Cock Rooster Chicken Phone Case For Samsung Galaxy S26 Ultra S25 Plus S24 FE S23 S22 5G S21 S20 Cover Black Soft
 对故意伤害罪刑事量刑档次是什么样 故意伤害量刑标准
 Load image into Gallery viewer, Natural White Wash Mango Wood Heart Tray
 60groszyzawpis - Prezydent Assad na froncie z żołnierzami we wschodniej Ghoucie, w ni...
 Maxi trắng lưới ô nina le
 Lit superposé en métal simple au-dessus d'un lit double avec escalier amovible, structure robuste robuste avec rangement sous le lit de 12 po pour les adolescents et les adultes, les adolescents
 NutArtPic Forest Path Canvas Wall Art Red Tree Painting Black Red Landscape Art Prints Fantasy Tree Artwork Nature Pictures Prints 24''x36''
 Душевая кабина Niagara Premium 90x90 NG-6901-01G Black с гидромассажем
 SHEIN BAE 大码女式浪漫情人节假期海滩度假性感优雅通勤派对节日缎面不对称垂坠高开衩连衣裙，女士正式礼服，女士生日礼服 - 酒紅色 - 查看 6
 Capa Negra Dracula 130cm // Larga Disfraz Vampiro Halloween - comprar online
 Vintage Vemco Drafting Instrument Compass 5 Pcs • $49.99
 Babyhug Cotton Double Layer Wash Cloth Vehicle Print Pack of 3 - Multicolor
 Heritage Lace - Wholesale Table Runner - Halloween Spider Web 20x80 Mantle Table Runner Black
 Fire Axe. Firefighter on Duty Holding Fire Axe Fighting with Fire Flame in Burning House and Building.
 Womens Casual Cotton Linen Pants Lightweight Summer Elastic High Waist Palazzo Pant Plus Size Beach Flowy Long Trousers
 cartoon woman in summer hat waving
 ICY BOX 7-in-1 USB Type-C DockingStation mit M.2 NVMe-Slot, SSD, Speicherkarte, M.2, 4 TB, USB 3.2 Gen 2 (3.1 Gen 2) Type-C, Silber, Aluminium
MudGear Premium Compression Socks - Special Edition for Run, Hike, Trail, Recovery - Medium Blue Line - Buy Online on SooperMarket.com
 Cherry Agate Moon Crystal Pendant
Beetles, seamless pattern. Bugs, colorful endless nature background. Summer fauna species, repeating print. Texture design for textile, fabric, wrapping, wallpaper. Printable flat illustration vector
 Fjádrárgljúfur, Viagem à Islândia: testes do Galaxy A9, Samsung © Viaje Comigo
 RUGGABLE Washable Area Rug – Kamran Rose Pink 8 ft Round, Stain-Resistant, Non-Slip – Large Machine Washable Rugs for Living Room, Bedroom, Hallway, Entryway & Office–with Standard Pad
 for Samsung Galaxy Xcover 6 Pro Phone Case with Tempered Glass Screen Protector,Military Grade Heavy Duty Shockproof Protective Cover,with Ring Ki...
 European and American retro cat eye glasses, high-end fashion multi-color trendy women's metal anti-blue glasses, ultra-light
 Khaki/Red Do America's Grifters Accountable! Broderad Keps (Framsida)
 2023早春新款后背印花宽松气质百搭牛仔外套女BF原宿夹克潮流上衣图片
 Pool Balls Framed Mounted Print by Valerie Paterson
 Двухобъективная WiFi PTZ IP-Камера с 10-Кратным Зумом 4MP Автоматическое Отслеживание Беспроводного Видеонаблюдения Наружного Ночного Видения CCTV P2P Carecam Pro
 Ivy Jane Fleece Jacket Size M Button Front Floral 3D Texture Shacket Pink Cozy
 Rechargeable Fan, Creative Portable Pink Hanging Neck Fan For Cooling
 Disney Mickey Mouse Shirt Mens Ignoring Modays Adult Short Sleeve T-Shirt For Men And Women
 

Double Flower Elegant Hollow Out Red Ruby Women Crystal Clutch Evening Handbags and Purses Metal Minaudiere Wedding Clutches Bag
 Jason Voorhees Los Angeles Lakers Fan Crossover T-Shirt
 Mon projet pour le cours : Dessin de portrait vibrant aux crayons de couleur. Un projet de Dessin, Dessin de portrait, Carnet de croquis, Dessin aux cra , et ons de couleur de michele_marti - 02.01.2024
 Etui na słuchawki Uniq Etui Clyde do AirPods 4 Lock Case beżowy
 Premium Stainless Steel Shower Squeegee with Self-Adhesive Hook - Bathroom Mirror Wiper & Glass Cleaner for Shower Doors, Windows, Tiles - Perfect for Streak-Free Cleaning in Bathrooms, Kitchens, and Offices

#####

**What is needed:**
Copy every line of the listing that contains the word "Pink".

**Final answer:**
 RUGGABLE Washable Area Rug – Kamran Rose Pink 8 ft Round, Stain-Resistant, Non-Slip – Large Machine Washable Rugs for Living Room, Bedroom, Hallway, Entryway & Office–with Standard Pad
 Ivy Jane Fleece Jacket Size M Button Front Floral 3D Texture Shacket Pink Cozy
 Rechargeable Fan, Creative Portable Pink Hanging Neck Fan For Cooling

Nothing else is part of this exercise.